DATA:
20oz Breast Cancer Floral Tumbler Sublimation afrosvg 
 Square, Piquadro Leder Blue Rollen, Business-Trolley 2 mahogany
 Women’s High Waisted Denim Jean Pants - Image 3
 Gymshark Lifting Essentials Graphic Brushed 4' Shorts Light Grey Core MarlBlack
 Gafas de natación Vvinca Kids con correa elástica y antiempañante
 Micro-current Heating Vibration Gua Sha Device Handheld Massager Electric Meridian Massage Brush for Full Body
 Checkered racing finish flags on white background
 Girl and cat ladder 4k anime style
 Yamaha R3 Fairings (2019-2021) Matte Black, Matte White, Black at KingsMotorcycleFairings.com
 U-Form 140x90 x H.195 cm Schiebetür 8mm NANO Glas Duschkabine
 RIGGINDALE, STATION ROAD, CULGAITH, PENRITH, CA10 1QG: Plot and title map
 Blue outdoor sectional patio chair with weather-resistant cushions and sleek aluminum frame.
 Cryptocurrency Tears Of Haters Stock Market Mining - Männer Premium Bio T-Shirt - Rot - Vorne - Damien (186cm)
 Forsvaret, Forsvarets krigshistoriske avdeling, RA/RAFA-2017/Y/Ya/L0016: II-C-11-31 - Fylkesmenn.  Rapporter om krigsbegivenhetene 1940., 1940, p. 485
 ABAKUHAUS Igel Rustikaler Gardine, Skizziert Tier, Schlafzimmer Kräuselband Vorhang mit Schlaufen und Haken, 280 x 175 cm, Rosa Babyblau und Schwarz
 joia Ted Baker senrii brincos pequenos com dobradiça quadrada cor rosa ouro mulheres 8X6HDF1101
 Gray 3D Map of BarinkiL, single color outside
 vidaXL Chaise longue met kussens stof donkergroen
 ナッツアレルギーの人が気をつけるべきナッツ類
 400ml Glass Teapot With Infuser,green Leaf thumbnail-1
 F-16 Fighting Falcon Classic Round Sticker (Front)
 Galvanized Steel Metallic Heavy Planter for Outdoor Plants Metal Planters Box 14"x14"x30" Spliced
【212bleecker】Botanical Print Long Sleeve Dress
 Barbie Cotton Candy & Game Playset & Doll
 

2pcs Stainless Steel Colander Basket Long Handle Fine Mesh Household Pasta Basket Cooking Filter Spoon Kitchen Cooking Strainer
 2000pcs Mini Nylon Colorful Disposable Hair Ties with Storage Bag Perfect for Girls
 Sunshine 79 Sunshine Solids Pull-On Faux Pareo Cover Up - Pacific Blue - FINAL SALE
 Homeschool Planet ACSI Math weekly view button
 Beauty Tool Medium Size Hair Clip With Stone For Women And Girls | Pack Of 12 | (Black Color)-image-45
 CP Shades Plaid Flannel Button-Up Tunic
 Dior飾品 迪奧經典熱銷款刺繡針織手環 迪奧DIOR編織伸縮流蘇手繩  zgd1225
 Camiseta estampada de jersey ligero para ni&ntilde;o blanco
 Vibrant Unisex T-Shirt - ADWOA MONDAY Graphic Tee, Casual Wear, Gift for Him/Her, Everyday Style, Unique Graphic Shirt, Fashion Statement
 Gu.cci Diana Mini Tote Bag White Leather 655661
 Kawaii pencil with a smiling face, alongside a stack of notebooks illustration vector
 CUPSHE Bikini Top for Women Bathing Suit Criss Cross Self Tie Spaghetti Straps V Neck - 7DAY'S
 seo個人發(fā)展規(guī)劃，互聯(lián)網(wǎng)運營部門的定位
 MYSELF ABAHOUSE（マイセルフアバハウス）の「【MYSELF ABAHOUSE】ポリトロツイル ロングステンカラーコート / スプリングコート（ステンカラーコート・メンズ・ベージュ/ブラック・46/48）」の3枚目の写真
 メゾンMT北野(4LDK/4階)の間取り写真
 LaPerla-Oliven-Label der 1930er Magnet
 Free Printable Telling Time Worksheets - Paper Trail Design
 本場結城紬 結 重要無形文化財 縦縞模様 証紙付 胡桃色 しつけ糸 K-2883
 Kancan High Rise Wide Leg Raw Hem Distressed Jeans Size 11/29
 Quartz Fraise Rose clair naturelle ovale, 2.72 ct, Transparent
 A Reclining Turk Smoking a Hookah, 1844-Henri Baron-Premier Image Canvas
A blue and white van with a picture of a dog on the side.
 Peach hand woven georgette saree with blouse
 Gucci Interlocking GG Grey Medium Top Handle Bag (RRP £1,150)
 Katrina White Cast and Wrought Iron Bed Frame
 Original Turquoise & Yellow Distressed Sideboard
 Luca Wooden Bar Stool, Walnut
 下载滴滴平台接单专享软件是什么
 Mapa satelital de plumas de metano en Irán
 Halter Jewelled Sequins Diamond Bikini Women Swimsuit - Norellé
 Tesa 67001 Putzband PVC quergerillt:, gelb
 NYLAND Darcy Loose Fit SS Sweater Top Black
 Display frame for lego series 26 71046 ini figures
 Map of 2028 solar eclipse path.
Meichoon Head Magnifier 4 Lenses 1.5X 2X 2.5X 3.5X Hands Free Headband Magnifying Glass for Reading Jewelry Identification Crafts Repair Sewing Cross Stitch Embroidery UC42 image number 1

TASK:
Go through the data above and find the lines with the word "Free". Copy each of those lines.

RESPONSE BOX:
 Free Printable Telling Time Worksheets - Paper Trail Design
Meichoon Head Magnifier 4 Lenses 1.5X 2X 2.5X 3.5X Hands Free Headband Magnifying Glass for Reading Jewelry Identification Crafts Repair Sewing Cross Stitch Embroidery UC42 image number 1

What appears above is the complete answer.